Hardly enough snow to even ride central NH/Maine south....
Notice the "0" in southern NH/ME and northern Mass.......
I hope Saturday turns that around...

http://www.erh.noaa.gov/nerfc/graphics/snowmaps/html/snow_depth.html


----------



## grandview (Oct 9, 2005)

Boy that off here. They have 1 inch yet the official NOAA is a mile from my house and they have us down for 25 inches.


----------



## Oshkosh (Sep 11, 2005)

Its right on here, "0" is pretty hard to screw up for current ground cover...


----------



## grandview (Oct 9, 2005)

Never mine. I didn't see snow depth ,thought it was snow totals.


----------



## Oshkosh (Sep 11, 2005)

I think we are up to 7.8" official since Halloween....Not a great start....lol


----------



## jhall22guitar (Dec 11, 2011)

Accuweather is saying 2.4in here Saturday in Norton. If they are wrong they better change their name.


----------



## Oshkosh (Sep 11, 2005)

jhall22guitar;1444011 said:


> Accuweather is saying 2.4in here Saturday in Norton. If they are wrong they better change their name.


lol, 
2.4" if it comes down fast enough maybe enough to get our plows out otherwise Mass DOT will handle it with the combos only ...
Keeping my fingers crossed..


----------



## jhall22guitar (Dec 11, 2011)

Oshkosh;1444025 said:


> lol,
> 2.4" if it comes down fast enough maybe enough to get our plows out otherwise Mass DOT will handle it with the combos only ...
> Keeping my fingers crossed..


WBZ is sayin 6 inches here in Norton now, with 6+ on Cape.
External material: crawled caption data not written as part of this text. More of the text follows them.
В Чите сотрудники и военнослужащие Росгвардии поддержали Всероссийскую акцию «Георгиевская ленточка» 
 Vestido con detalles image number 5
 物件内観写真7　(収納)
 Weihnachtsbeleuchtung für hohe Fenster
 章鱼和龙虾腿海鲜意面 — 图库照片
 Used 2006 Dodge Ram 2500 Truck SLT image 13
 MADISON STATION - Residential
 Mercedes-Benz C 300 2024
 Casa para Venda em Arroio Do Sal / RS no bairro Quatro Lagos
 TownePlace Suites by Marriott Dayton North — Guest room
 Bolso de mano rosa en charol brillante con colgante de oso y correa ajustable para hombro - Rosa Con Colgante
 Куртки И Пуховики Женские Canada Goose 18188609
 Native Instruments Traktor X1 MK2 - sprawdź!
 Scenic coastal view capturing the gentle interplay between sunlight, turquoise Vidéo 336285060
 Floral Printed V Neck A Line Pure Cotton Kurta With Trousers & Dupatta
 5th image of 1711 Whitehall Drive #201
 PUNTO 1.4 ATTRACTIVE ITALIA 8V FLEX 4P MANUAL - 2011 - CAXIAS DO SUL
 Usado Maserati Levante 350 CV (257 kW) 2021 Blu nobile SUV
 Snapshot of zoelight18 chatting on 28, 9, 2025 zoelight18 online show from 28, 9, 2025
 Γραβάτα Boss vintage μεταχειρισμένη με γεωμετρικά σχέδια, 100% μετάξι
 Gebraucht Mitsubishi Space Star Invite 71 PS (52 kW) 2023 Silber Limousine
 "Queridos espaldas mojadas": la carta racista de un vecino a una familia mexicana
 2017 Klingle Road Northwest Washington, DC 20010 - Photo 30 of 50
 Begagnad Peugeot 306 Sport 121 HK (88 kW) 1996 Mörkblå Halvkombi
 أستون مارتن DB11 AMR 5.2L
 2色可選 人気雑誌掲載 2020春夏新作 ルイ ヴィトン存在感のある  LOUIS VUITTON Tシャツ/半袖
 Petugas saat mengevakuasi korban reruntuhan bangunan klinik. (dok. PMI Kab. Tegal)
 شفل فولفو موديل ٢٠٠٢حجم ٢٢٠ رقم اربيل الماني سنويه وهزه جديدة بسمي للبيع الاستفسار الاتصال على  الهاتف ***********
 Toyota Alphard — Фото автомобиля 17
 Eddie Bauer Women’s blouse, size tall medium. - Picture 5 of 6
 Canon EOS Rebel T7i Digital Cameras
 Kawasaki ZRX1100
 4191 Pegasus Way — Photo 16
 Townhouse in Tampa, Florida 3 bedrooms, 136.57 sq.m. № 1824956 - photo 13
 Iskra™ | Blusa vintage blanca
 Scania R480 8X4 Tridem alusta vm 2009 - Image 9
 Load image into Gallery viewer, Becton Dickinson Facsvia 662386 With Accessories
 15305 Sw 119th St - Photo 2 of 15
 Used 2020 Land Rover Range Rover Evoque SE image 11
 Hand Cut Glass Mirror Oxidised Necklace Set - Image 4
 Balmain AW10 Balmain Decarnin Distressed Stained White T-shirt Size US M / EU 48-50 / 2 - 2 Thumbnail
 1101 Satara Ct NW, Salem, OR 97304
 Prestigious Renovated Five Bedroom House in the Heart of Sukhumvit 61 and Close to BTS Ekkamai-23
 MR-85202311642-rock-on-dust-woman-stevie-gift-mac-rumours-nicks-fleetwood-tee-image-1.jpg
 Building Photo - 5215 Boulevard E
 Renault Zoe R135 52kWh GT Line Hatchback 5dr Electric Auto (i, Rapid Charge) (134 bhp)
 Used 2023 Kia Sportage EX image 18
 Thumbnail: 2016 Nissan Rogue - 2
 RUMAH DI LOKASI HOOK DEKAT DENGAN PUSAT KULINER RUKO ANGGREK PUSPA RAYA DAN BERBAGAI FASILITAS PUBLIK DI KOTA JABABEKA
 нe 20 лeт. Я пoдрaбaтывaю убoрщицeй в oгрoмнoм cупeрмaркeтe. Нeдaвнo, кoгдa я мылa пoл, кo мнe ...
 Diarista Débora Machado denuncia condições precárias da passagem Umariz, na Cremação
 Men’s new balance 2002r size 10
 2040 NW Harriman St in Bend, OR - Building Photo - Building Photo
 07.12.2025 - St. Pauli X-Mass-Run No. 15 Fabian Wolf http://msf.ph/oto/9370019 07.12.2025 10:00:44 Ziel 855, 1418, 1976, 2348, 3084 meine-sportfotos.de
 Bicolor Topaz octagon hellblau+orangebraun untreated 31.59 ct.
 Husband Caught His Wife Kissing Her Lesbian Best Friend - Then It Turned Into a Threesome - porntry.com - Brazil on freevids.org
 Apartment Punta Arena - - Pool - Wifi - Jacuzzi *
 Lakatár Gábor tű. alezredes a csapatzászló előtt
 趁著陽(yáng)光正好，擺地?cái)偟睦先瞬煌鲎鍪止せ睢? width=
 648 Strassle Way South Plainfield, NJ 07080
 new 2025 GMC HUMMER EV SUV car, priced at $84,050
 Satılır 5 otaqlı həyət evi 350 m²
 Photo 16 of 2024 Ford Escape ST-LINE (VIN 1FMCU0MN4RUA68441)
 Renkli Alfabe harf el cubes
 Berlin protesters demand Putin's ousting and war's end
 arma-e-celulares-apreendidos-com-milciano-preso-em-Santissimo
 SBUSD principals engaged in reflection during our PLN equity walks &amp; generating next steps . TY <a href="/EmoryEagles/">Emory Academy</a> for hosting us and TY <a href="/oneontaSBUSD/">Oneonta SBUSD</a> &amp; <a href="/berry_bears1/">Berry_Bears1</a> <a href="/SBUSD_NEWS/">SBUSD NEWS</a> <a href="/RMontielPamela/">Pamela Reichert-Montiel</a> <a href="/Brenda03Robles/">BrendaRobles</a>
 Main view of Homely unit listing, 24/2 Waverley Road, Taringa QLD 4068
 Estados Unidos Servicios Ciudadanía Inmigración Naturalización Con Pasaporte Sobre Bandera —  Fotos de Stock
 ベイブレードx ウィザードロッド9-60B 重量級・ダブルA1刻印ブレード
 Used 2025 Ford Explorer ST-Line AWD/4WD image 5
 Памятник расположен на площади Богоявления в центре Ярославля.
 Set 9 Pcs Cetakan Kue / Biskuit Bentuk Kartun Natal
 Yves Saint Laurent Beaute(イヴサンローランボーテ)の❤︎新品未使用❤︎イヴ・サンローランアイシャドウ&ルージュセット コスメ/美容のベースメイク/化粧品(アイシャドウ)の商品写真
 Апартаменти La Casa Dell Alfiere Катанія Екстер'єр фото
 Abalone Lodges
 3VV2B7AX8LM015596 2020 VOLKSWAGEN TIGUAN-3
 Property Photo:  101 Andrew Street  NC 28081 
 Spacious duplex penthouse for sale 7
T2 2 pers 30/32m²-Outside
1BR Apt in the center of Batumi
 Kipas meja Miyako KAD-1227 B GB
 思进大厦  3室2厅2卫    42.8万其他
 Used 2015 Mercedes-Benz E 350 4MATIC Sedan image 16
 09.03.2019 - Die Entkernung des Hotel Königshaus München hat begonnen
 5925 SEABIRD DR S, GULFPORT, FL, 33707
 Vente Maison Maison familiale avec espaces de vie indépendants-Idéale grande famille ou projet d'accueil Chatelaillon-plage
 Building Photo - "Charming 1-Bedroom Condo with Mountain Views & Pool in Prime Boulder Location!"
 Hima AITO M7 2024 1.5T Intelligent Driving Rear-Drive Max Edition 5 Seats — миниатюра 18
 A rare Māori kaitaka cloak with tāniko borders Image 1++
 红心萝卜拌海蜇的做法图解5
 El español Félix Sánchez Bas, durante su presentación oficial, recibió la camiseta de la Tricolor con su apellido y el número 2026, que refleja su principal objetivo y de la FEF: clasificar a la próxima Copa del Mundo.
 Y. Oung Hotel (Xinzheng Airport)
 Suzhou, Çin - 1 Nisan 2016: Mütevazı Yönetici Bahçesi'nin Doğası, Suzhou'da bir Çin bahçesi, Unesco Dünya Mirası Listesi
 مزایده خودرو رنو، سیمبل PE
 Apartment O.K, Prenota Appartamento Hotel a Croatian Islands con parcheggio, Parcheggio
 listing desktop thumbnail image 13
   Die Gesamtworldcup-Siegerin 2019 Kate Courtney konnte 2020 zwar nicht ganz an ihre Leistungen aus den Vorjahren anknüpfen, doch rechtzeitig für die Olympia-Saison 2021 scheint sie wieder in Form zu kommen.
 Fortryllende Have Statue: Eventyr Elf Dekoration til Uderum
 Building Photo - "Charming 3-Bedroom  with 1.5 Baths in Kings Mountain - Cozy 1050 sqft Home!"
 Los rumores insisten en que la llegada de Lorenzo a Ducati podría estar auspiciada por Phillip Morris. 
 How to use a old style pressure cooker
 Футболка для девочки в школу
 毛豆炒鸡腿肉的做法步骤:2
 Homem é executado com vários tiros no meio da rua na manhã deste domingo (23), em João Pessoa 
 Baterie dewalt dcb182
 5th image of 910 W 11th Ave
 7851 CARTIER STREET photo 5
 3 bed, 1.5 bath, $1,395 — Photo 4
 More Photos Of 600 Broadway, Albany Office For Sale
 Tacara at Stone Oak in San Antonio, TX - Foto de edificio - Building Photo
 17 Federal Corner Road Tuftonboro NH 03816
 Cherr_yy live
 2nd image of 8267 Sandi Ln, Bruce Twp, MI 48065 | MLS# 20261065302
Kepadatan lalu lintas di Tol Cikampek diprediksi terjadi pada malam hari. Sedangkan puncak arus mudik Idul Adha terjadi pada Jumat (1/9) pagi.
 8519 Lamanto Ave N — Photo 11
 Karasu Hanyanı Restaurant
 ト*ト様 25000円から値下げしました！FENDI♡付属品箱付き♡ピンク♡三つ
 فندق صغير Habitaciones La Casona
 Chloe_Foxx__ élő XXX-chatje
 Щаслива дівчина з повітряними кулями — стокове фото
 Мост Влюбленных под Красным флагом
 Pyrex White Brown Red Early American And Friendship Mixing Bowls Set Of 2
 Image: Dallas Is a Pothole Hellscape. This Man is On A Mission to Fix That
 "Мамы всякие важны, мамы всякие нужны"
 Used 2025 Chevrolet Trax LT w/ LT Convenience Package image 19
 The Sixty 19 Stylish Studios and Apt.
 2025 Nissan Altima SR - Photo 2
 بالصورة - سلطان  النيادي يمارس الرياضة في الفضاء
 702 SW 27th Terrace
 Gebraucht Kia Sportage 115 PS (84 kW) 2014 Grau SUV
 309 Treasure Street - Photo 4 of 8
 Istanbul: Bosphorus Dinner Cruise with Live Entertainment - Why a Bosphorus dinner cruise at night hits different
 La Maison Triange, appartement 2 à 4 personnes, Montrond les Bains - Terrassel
I posted in the MA/CT/etc forum.


----------



## Oshkosh (Sep 11, 2005)

It is optimistic sounding, I will feel better about 6pm tomorrow evening if they are still adding inches to the forecast.....
A 24 hour push would not hurt my feelings at all....


----------



## jmac5058 (Sep 28, 2009)

At least the temps. look good for this weekend.Most storms this season have been 10+* too warm.But I will belive it when I see it most storms have been starved for moisture and riding south of Mass.


----------



## Oshkosh (Sep 11, 2005)

jmac5058;1444099 said:


> At least the temps. look good for this weekend.Most storms this season have been 10+* too warm.But I will believe it when I see it most storms have been starved for moisture and riding south of Mass.


As with the previous storms this one also has to come together just right. We will see....
They are saying if the cold front moves in too quickly it will push the moisture out to sea.That being said most of the computer models that our weather people rely on so much are leaning towards more snow as of now....


----------